Because every child touched by this ministry is a child that Jesus welcomes. Every wound healed is a testimony of God's compassion in the world and every life restored. It's an echo of the gospel lived out in real life.
Disciples once tried to keep children away from Jesus, and his response was, let the children come, church. That's my prayer for us that. That will be our words to the world around. If children are hurting and they need blessing, let them come and we'll do our best. We're going to partner with our friends at the children's home.
We're going to make a difference.
I'm going to offer a prayer here in just a moment over this offering. And when I'm done, you're going to have a chance to give. And the ways to give are similar to how we just gave for our weekly giving. That's. You can give it online, you can write a check, you can give cash.
We got some envelopes over here by our. By each exit, there's a giving box and you can put your gift in there, seal it up, and we'll get that. Every penny that's given today for the children home is going directly to Rudy and his team. One of the efforts that they are focusing on this next year is safety. It's not just that the campus would be safe, but that their Internet connection to the world out would be safe.
That walking around their campus at night, there would be some lights and it would be safe. I mean, this, this emphasis on safety. Every dollar that we give is going to help out create a safe environment for children who are most vulnerable and most needing in our community. Again, I invite you to dig deep. Let's be radically generous.
Let me offer a word of prayer for this gift and. And then Gary and the team are gonna come and lead us in song. If you have any questions. You wanna know more about the incredible work that's happening at the children home. Rudy's up here.
Gloria's up here. We have several around, as you saw already, who know some of the work that is happening. We'd love to tell you more and find ways to get you involved. Let's pray together.
Oh, God, you are the father to the fatherless. Would you teach us to love as you love? Would you give us your tenderness for every bruised reed and your patience for every smoldering wick? God, would you bless the children's home of Lubbock? Would you bless every child they serve?
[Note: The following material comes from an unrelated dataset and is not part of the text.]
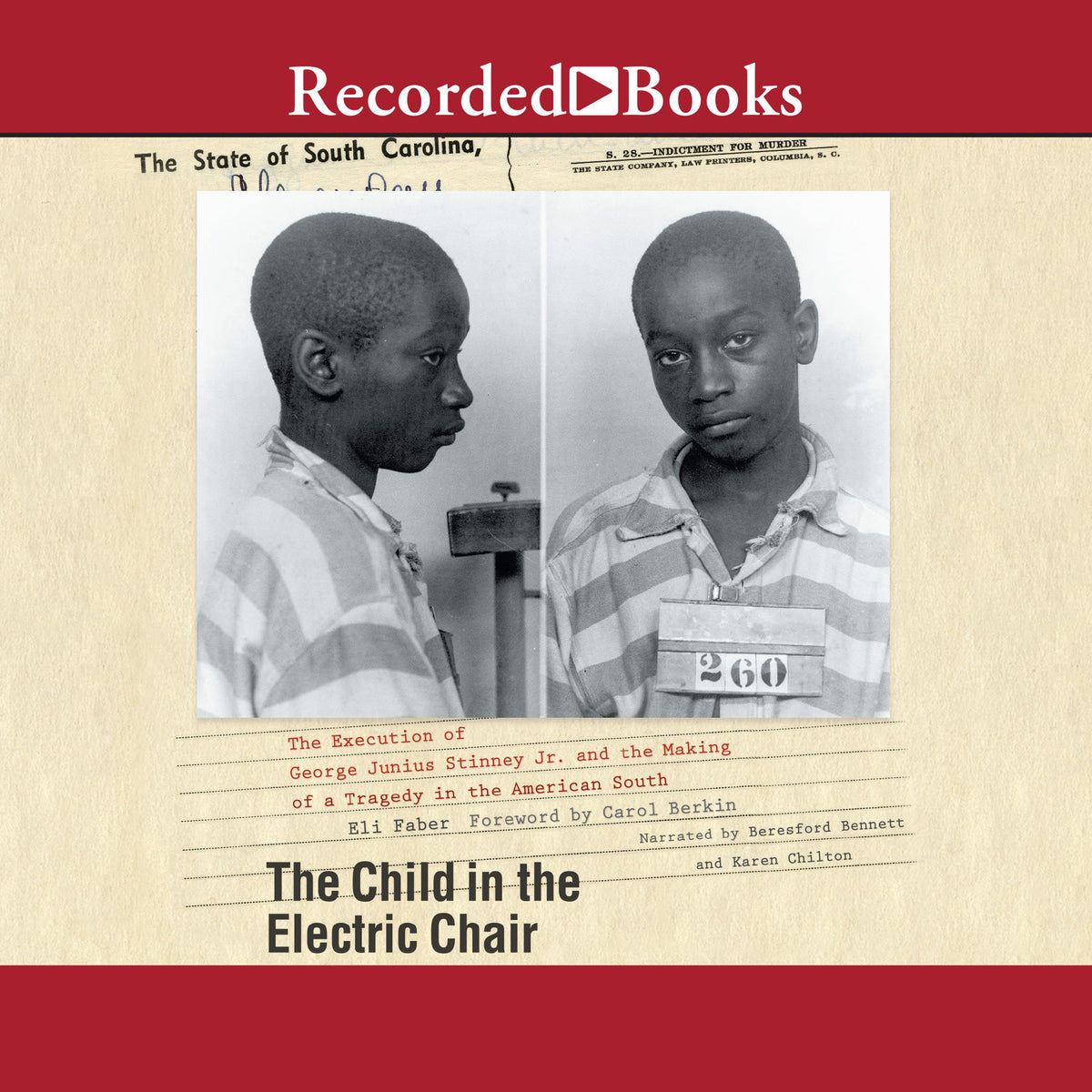 The Child in the Electric Chair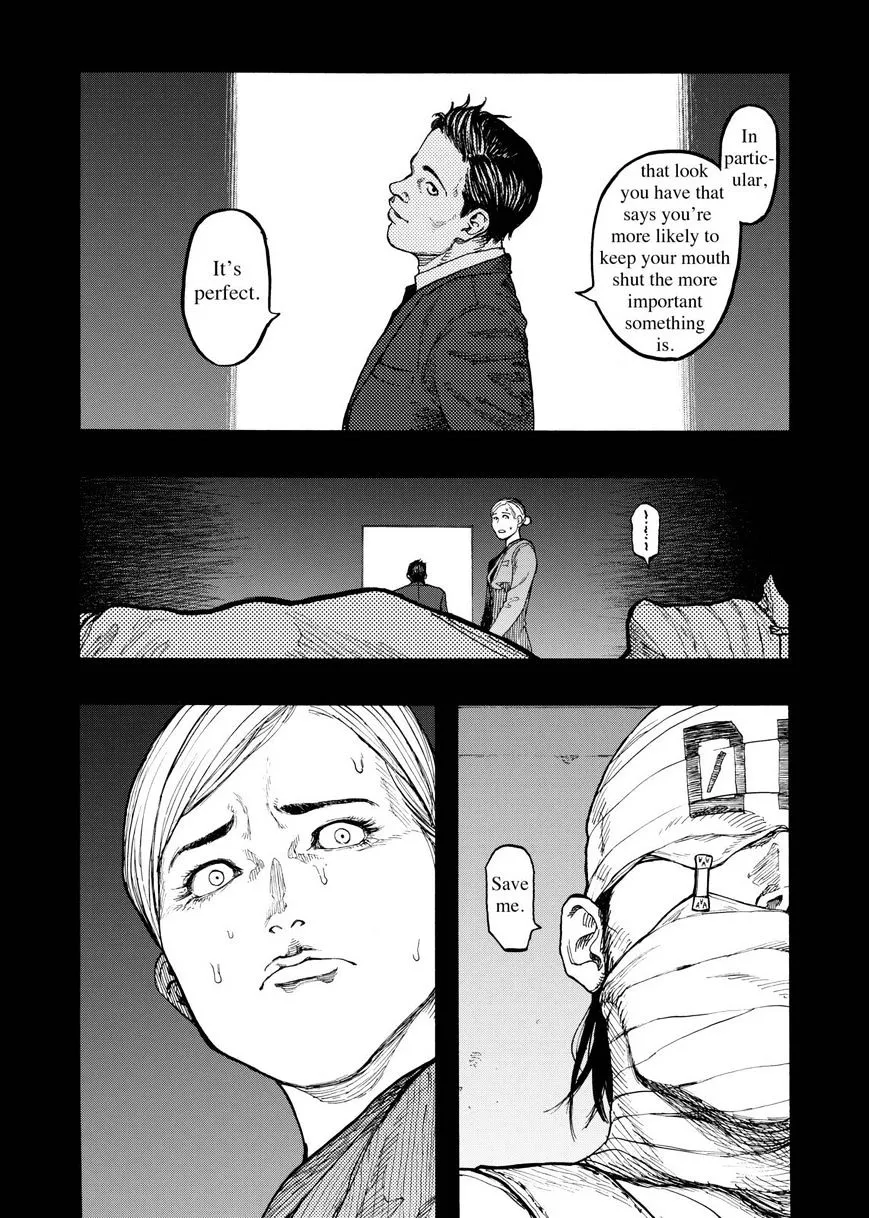 Ajin Chapter 34 page 12 - MangaKakalot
Would you strengthen the hands that care for them? God, would you shape us into the likeness of your son Jesus, who said, let the children come, God. Now we are offering our resources in a special offering for the home. God, we're asking that every gift given today would be a shield of safety around the kids who need your protection. God, would you use these funds to create safe spaces, safe access to technology, safe grounds to walk on, safe homes for the young men and women who are stepping into adulthood through their supervised independent living program?
God, would you multiply what we give to you this morning beyond what we can even ask or imagine?
God, may we be radically generous this morning. And through your grace and the generosity of your people, God, would you multiply it? May every dollar bring a child closer to the healing and hope and love of you. Jesus, thank you for the ways that you have shown us by your example how to love. Help us to be courageous in following that same example.
We pray in the strong name of Jesus.